# [Work item]
Repeat each record below exactly as it is written.

# [Given information]
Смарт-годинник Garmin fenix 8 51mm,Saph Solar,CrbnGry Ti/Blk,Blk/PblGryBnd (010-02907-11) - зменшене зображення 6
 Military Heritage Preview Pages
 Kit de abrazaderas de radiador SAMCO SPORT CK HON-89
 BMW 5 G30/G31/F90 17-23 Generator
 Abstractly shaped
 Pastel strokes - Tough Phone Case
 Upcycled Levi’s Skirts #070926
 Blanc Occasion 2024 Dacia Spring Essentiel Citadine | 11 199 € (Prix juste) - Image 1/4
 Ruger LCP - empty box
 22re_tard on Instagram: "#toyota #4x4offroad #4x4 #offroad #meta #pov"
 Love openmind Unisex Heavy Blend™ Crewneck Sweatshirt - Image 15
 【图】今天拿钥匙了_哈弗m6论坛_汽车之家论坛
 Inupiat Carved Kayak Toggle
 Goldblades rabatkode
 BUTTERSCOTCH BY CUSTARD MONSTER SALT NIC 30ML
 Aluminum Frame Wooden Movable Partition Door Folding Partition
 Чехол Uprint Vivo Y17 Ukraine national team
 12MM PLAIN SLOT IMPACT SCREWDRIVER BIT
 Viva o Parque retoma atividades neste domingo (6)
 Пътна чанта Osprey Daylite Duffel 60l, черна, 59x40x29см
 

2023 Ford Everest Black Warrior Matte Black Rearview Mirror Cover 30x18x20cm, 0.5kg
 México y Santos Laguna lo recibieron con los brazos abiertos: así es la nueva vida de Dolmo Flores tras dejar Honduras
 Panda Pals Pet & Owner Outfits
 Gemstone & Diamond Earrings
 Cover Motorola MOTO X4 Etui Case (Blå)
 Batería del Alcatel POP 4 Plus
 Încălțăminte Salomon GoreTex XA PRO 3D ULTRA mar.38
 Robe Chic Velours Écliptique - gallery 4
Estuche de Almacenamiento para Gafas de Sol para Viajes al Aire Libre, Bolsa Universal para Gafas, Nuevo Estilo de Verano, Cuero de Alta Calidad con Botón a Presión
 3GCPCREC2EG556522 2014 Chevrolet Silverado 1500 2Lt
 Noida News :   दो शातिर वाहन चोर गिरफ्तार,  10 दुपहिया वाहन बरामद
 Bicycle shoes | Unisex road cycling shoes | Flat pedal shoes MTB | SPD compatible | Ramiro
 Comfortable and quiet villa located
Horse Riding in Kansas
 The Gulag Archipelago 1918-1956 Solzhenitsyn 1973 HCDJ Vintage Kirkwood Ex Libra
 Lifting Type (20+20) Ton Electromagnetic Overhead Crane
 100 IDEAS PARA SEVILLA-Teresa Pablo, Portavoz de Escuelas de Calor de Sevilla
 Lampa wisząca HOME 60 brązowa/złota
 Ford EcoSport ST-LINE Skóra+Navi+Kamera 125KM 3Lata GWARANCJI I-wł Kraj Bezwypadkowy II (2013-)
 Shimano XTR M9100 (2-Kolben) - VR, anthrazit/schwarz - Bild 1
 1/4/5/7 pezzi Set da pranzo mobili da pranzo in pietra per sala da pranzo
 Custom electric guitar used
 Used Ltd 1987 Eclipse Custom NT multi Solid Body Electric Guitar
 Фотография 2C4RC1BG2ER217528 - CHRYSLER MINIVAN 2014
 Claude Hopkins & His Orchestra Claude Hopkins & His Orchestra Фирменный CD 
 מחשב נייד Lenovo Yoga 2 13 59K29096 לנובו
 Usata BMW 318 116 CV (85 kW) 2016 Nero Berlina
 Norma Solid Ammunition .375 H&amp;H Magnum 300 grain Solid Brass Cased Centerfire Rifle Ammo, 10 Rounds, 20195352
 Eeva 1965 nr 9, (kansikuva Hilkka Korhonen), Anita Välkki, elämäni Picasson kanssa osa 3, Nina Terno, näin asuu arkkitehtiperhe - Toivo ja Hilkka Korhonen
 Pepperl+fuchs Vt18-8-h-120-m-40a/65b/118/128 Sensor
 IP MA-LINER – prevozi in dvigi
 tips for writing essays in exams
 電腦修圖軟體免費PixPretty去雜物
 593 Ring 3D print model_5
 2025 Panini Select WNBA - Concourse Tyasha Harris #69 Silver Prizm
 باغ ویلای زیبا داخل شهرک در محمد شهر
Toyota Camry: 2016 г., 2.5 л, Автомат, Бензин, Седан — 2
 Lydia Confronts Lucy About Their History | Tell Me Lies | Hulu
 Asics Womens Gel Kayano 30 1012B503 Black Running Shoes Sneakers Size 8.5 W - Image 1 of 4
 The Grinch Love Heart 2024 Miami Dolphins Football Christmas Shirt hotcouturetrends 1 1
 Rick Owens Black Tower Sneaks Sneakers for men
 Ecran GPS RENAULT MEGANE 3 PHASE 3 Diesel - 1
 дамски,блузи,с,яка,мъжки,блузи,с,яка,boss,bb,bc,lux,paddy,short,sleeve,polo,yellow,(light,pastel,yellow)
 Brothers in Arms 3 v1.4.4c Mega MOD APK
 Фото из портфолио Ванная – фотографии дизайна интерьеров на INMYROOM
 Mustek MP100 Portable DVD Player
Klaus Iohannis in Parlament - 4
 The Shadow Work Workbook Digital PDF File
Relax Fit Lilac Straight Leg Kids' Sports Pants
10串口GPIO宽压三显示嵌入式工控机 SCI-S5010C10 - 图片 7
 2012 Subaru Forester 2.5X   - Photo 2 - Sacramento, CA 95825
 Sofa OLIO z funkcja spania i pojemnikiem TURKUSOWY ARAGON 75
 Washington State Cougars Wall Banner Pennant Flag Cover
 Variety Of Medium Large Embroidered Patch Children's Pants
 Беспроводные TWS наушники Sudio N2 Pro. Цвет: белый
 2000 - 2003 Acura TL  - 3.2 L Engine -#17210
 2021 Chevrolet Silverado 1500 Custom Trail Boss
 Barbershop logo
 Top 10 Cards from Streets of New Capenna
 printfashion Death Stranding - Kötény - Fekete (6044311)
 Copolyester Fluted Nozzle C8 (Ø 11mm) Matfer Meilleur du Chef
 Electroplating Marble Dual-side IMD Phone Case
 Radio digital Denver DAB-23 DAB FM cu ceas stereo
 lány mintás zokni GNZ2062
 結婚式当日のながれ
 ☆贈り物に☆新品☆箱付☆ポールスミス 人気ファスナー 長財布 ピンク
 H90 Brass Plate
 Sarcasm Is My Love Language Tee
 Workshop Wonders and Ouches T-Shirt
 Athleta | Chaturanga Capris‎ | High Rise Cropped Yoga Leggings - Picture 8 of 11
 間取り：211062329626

# [Solution to this problem]
Смарт-годинник Garmin fenix 8 51mm,Saph Solar,CrbnGry Ti/Blk,Blk/PblGryBnd (010-02907-11) - зменшене зображення 6
 Military Heritage Preview Pages
 Kit de abrazaderas de radiador SAMCO SPORT CK HON-89
 BMW 5 G30/G31/F90 17-23 Generator
 Abstractly shaped
 Pastel strokes - Tough Phone Case
 Upcycled Levi’s Skirts #070926
 Blanc Occasion 2024 Dacia Spring Essentiel Citadine | 11 199 € (Prix juste) - Image 1/4
 Ruger LCP - empty box
 22re_tard on Instagram: "#toyota #4x4offroad #4x4 #offroad #meta #pov"
 Love openmind Unisex Heavy Blend™ Crewneck Sweatshirt - Image 15
 【图】今天拿钥匙了_哈弗m6论坛_汽车之家论坛
 Inupiat Carved Kayak Toggle
 Goldblades rabatkode
 BUTTERSCOTCH BY CUSTARD MONSTER SALT NIC 30ML
 Aluminum Frame Wooden Movable Partition Door Folding Partition
 Чехол Uprint Vivo Y17 Ukraine national team
 12MM PLAIN SLOT IMPACT SCREWDRIVER BIT
 Viva o Parque retoma atividades neste domingo (6)
 Пътна чанта Osprey Daylite Duffel 60l, черна, 59x40x29см
 

2023 Ford Everest Black Warrior Matte Black Rearview Mirror Cover 30x18x20cm, 0.5kg
 México y Santos Laguna lo recibieron con los brazos abiertos: así es la nueva vida de Dolmo Flores tras dejar Honduras
 Panda Pals Pet & Owner Outfits
 Gemstone & Diamond Earrings
 Cover Motorola MOTO X4 Etui Case (Blå)
 Batería del Alcatel POP 4 Plus
 Încălțăminte Salomon GoreTex XA PRO 3D ULTRA mar.38
 Robe Chic Velours Écliptique - gallery 4
Estuche de Almacenamiento para Gafas de Sol para Viajes al Aire Libre, Bolsa Universal para Gafas, Nuevo Estilo de Verano, Cuero de Alta Calidad con Botón a Presión
 3GCPCREC2EG556522 2014 Chevrolet Silverado 1500 2Lt
 Noida News :   दो शातिर वाहन चोर गिरफ्तार,  10 दुपहिया वाहन बरामद
 Bicycle shoes | Unisex road cycling shoes | Flat pedal shoes MTB | SPD compatible | Ramiro
 Comfortable and quiet villa located
Horse Riding in Kansas
 The Gulag Archipelago 1918-1956 Solzhenitsyn 1973 HCDJ Vintage Kirkwood Ex Libra
 Lifting Type (20+20) Ton Electromagnetic Overhead Crane
 100 IDEAS PARA SEVILLA-Teresa Pablo, Portavoz de Escuelas de Calor de Sevilla
 Lampa wisząca HOME 60 brązowa/złota
 Ford EcoSport ST-LINE Skóra+Navi+Kamera 125KM 3Lata GWARANCJI I-wł Kraj Bezwypadkowy II (2013-)
 Shimano XTR M9100 (2-Kolben) - VR, anthrazit/schwarz - Bild 1
 1/4/5/7 pezzi Set da pranzo mobili da pranzo in pietra per sala da pranzo
 Custom electric guitar used
 Used Ltd 1987 Eclipse Custom NT multi Solid Body Electric Guitar
 Фотография 2C4RC1BG2ER217528 - CHRYSLER MINIVAN 2014
 Claude Hopkins & His Orchestra Claude Hopkins & His Orchestra Фирменный CD 
 מחשב נייד Lenovo Yoga 2 13 59K29096 לנובו
 Usata BMW 318 116 CV (85 kW) 2016 Nero Berlina
 Norma Solid Ammunition .375 H&amp;H Magnum 300 grain Solid Brass Cased Centerfire Rifle Ammo, 10 Rounds, 20195352
 Eeva 1965 nr 9, (kansikuva Hilkka Korhonen), Anita Välkki, elämäni Picasson kanssa osa 3, Nina Terno, näin asuu arkkitehtiperhe - Toivo ja Hilkka Korhonen
 Pepperl+fuchs Vt18-8-h-120-m-40a/65b/118/128 Sensor
 IP MA-LINER – prevozi in dvigi
 tips for writing essays in exams
 電腦修圖軟體免費PixPretty去雜物
 593 Ring 3D print model_5
 2025 Panini Select WNBA - Concourse Tyasha Harris #69 Silver Prizm
 باغ ویلای زیبا داخل شهرک در محمد شهر
Toyota Camry: 2016 г., 2.5 л, Автомат, Бензин, Седан — 2
 Lydia Confronts Lucy About Their History | Tell Me Lies | Hulu
 Asics Womens Gel Kayano 30 1012B503 Black Running Shoes Sneakers Size 8.5 W - Image 1 of 4
 The Grinch Love Heart 2024 Miami Dolphins Football Christmas Shirt hotcouturetrends 1 1
 Rick Owens Black Tower Sneaks Sneakers for men
 Ecran GPS RENAULT MEGANE 3 PHASE 3 Diesel - 1
 дамски,блузи,с,яка,мъжки,блузи,с,яка,boss,bb,bc,lux,paddy,short,sleeve,polo,yellow,(light,pastel,yellow)
 Brothers in Arms 3 v1.4.4c Mega MOD APK
 Фото из портфолио Ванная – фотографии дизайна интерьеров на INMYROOM
 Mustek MP100 Portable DVD Player
Klaus Iohannis in Parlament - 4
 The Shadow Work Workbook Digital PDF File
Relax Fit Lilac Straight Leg Kids' Sports Pants
10串口GPIO宽压三显示嵌入式工控机 SCI-S5010C10 - 图片 7
 2012 Subaru Forester 2.5X   - Photo 2 - Sacramento, CA 95825
 Sofa OLIO z funkcja spania i pojemnikiem TURKUSOWY ARAGON 75
 Washington State Cougars Wall Banner Pennant Flag Cover
 Variety Of Medium Large Embroidered Patch Children's Pants
 Беспроводные TWS наушники Sudio N2 Pro. Цвет: белый
 2000 - 2003 Acura TL  - 3.2 L Engine -#17210
 2021 Chevrolet Silverado 1500 Custom Trail Boss
 Barbershop logo
 Top 10 Cards from Streets of New Capenna
 printfashion Death Stranding - Kötény - Fekete (6044311)
 Copolyester Fluted Nozzle C8 (Ø 11mm) Matfer Meilleur du Chef
 Electroplating Marble Dual-side IMD Phone Case
 Radio digital Denver DAB-23 DAB FM cu ceas stereo
 lány mintás zokni GNZ2062
 結婚式当日のながれ
 ☆贈り物に☆新品☆箱付☆ポールスミス 人気ファスナー 長財布 ピンク
 H90 Brass Plate
 Sarcasm Is My Love Language Tee
 Workshop Wonders and Ouches T-Shirt
 Athleta | Chaturanga Capris‎ | High Rise Cropped Yoga Leggings - Picture 8 of 11
 間取り：211062329626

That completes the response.